Keywords: chronic kidney disease, creatinine, epidemiology, population
Background
The development of simple creatinine-based equations to estimate kidney function has contributed to raise the epidemics of chronic kidney disease (CKD) to the category of major public health problem [1]. CKD is an important contributor to the burden of non-communicable diseases, leading to poor quality of life and severely reduced life expectancy [2]. CKD also has a substantial impact on societal costs, by increasing per se the need for healthcare services [3] and contributing to work disability [4]. Further, the consequences of CKD are of importance for many other aspects of healthcare, including the incidence of other comorbidities [1, 5] or impairment on the diagnostic accuracy of laboratorial analyses and medical devices [6–8] dependent on protein or fluid retention by the failing kidneys. Notwithstanding that creatinine is a very common and low-cost assessment in healthcare [9, 10], systematic screening programs are lacking and, in most societies, the awareness of CKD among both physicians and patients remains very low [11, 12].
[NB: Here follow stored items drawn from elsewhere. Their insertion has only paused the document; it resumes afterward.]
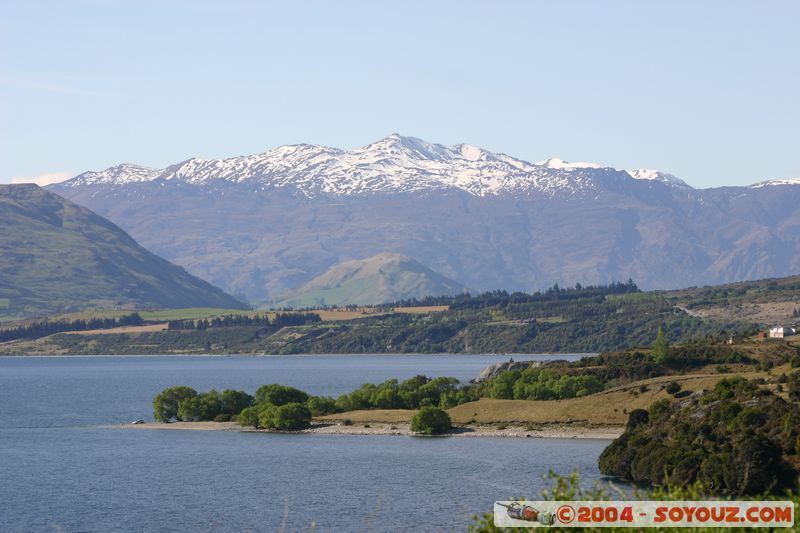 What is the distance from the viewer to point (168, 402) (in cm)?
16412

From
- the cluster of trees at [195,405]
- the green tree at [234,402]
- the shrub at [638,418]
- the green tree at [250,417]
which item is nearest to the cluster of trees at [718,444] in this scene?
the shrub at [638,418]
Kidney dysfunction affects, and also is affected by drug metabolism [13]. Many drugs have nephrotoxic effects per se or by forcing hydrophilic drug hyperfiltration in damaged kidneys. Further, significant morbidity is experienced due to medication accumulation and exposure in CKD, commonly leading to adverse events, prolonged length of hospital stay, increased healthcare cost and even death [14, 15], even when drug clearance is mediated by non-renal mechanisms [16]. Drug-induced nephrotoxicity indeed accounts for 25% of episodes of acute kidney injury [17], a figure that can be as high as 70% among the elderly [18]. Due to low CKD awareness, the risk for inappropriate drug utilization (IDU) in the community is high [13, 15, 19–21], representing a likely important risk factor for CKD progression and complications [22, 23].
Sweden is a Northern European country with universal healthcare access and a population of 9.8 million inhabitants as of 2015, with nearly 25% living in the County of Stockholm. The burden of CKD in Sweden, especially of earlier CKD stages, and its impact on society and healthcare utilization is currently unknown. Awareness of the extent of the problem is needed to estimate and plan for allocation of resources on disease prevention strategies as well as diagnosis and early management. Assessment of plasma creatinine is one of the most common routine laboratory analyses performed on wide indications in clinical practice, both in the emergency setting and in regular check-ups of patients with various disorders. The extent of this occasional creatinine testing is unknown, but can provide important information on kidney function in order to inform patients and guide clinical practice. The Stockholm CREAtinine Measurement (SCREAM) project is a collaborative project between Karolinska Institutet and the Stockholm County Council (SLL by Swedish acronym), to ascertain the burden of CKD and the extent of IDU in the region. SCREAM is also linked to an intervention programme to decrease IDU. This article provides an overview of the SCREAM objectives and goals, details of the laboratory data extraction and linked data sources. Further, we also provide an assessment of regional coverage and representativeness.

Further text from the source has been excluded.